KazakhstanStalactites au plafond après des coupures de courant par -30°C
Au Kazakhstan, le calvaire d’une ville restée sans chauffage pendant plus d’une semaine par des températures qui sont descendues jusqu’à -30°C a suscité une vague de colère.
La descente aux enfers d’Ekibastouz, une cité d’environ 150’000 habitants du nord du Kazakhstan (Asie centrale), illustre les conséquences que peuvent avoir les coupures massives d’électricité en plein hiver, au moment où plusieurs nations européennes redoutent des pénuries énergétiques à cause de la guerre en Ukraine.
Les images diffusées par les médias kazakhs montraient des stalactites se formant dans des appartements, tandis que des habitants transis brûlaient ce qu’ils trouvaient dans la rue pour se réchauffer par un froid polaire. Des équipes d’ouvriers s’efforçaient jour et nuit de réparer les canalisations ayant explosé sous l’effet du gel, réchauffant des jerricans à l’aide de chalumeaux pour empêcher leur contenu de geler.
Colère nationale
Les autorités ont annoncé la fin jeudi d’un état d’urgence qui avait été décrété le 28 novembre, au lendemain d’un dysfonctionnement dans une centrale thermique qui a privé plusieurs quartiers de courant et de chauffage. Si la situation s’améliore peu à peu, le calvaire d’Ekibastouz, qui a été pendant la terreur stalinienne un immense camp de travail où a notamment été enfermé le célèbre écrivain et dissident soviétique Alexandre Soljenitsyne, a suscité une colère nationale.

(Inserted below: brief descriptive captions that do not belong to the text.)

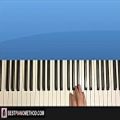 عکس How To Play - JURASSIC PARK - Theme Song (PIANO TUTORIAL LESSON)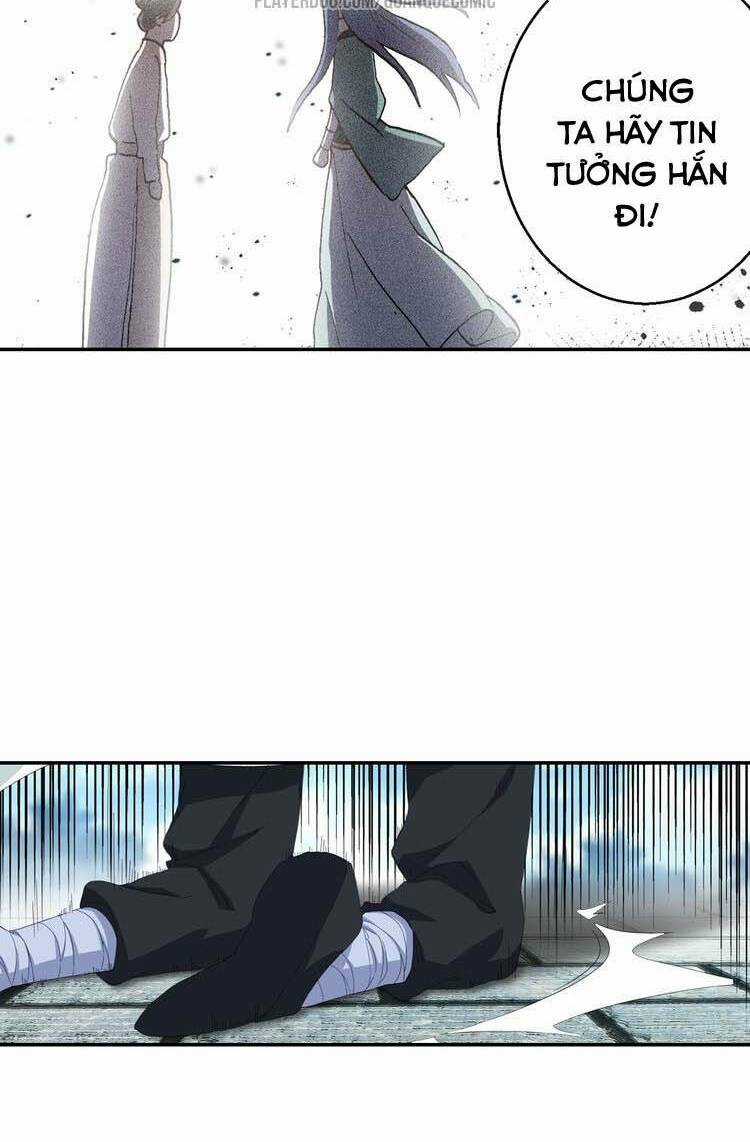 Lục Tích Ma Yểm Chapter 8 trang 9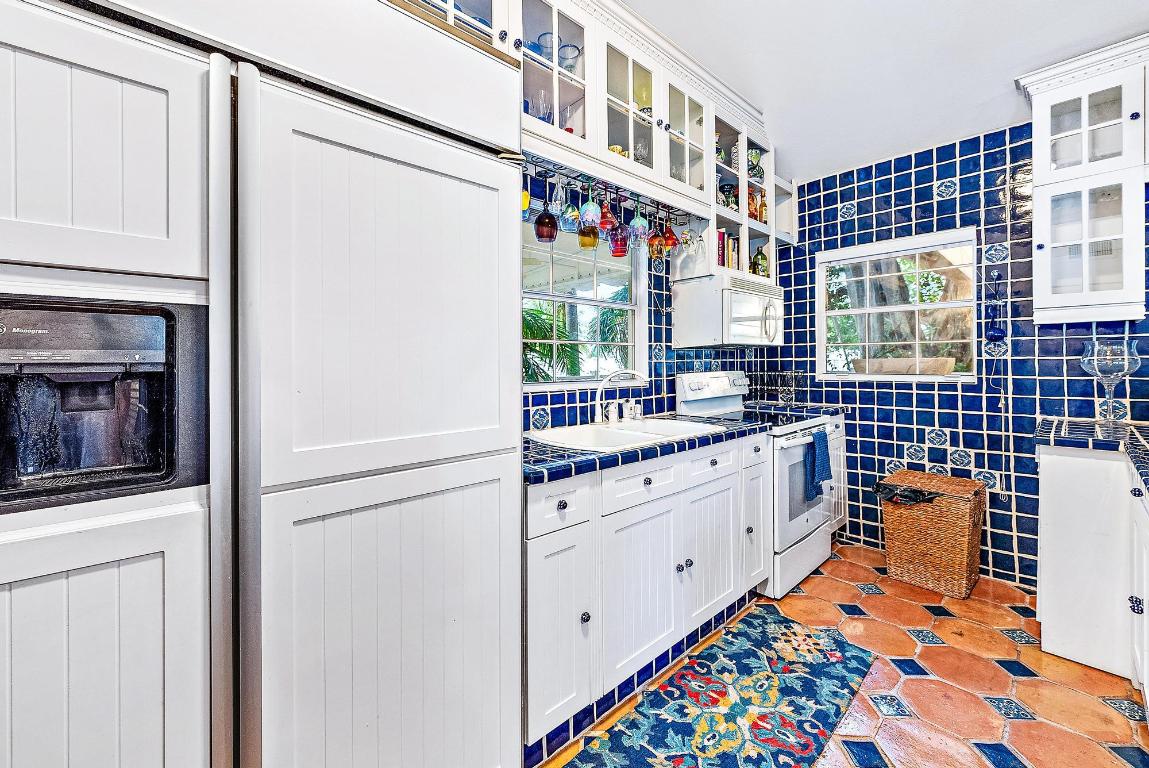 3609 Washington Road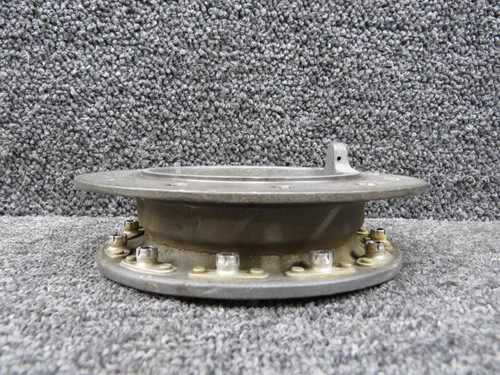 35-921502 Beechcraft J35 Fuel Cap Adapter Assembly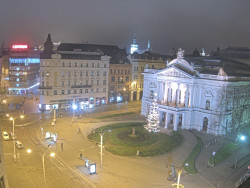 Malinovského náměstí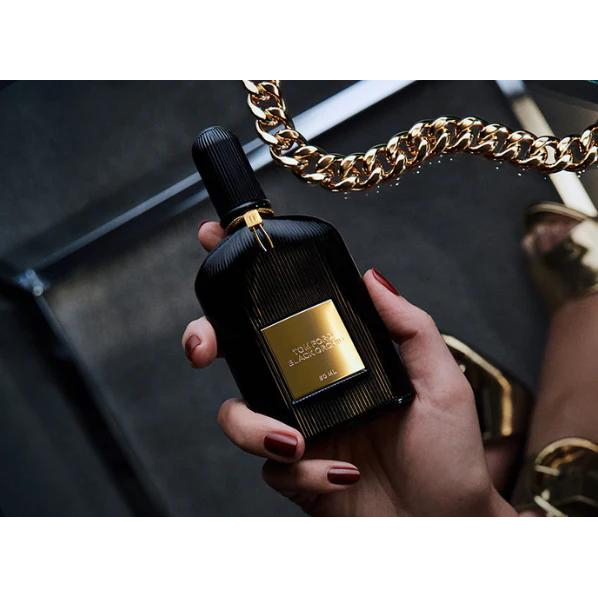 Eau de parfum 'Black Orchid' - 50 ml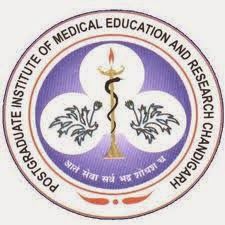 The Postgraduate Institute of Medical Education and Research | Para medical 2019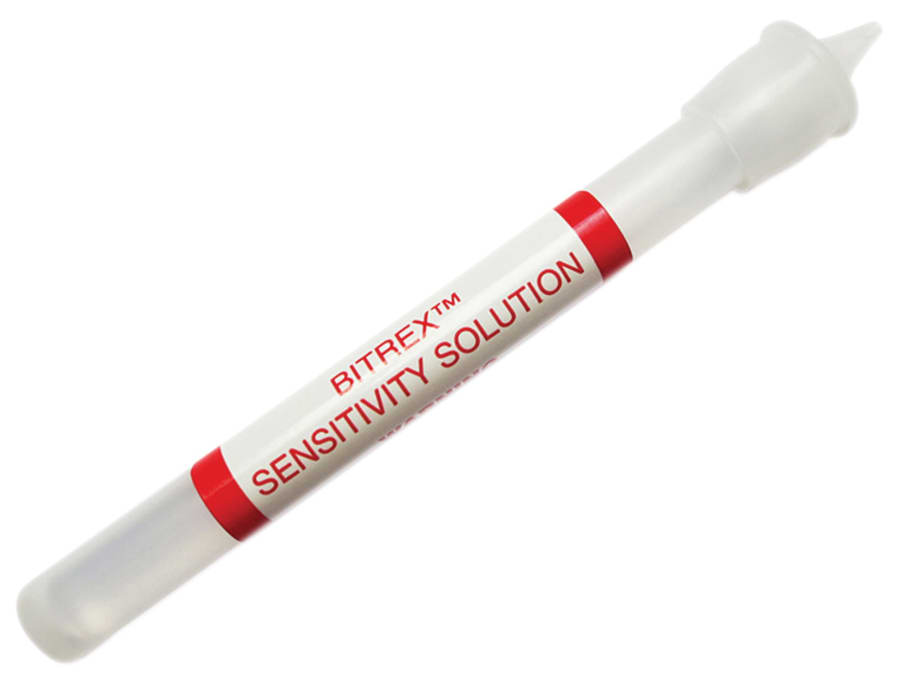 Moldex 010301 Bitter Fit Testing Kit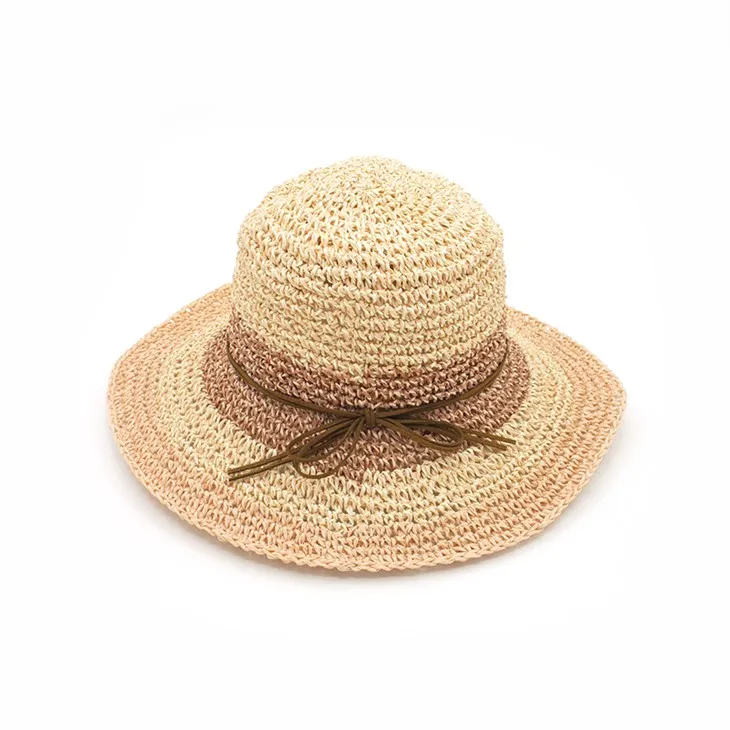 لیڈیز سٹرا ہیٹ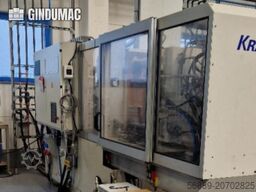 KraussMaffei 150-520 C2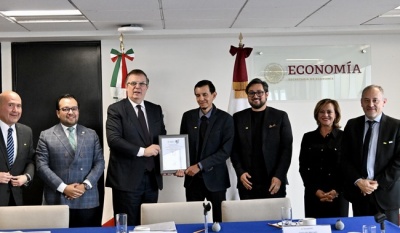 México avanza en Plan Maestro de Semiconductores con inversión e innovación tecnológica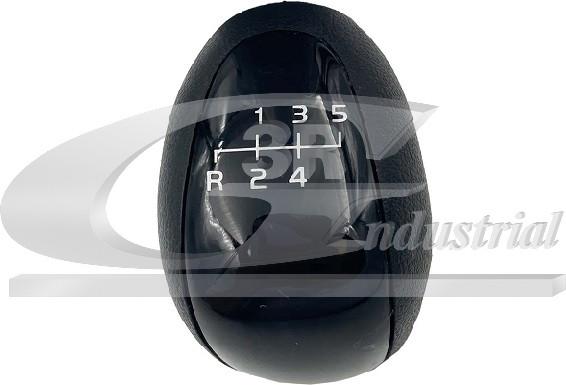 3RG 25515 - Gear Lever Knob car-mod.net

Le populaire chanteur Dimash Koudaïbergen, 3,8 millions d’abonnés sur Instagram, a réclamé que les responsables de ce drame «purgent leur peine dans une prison sans chauffage» et paient ainsi pour les «larmes des mères restées dans la rue.»
Système datant de l’URSS
Face à la grogne sur les réseaux sociaux, le président Kassym-Jomart Tokaïev, qui a failli être renversé il y a près d’un an par des émeutes meurtrières, a limogé le gouverneur local et dépêché plusieurs hauts responsables sur place. Des radiateurs et des couvertures ont été envoyés des quatre coins du Kazakhstan. Et même au Kirghizstan voisin, où la situation énergétique n’est guère plus enviable, des fonds ont été collectés en soutien.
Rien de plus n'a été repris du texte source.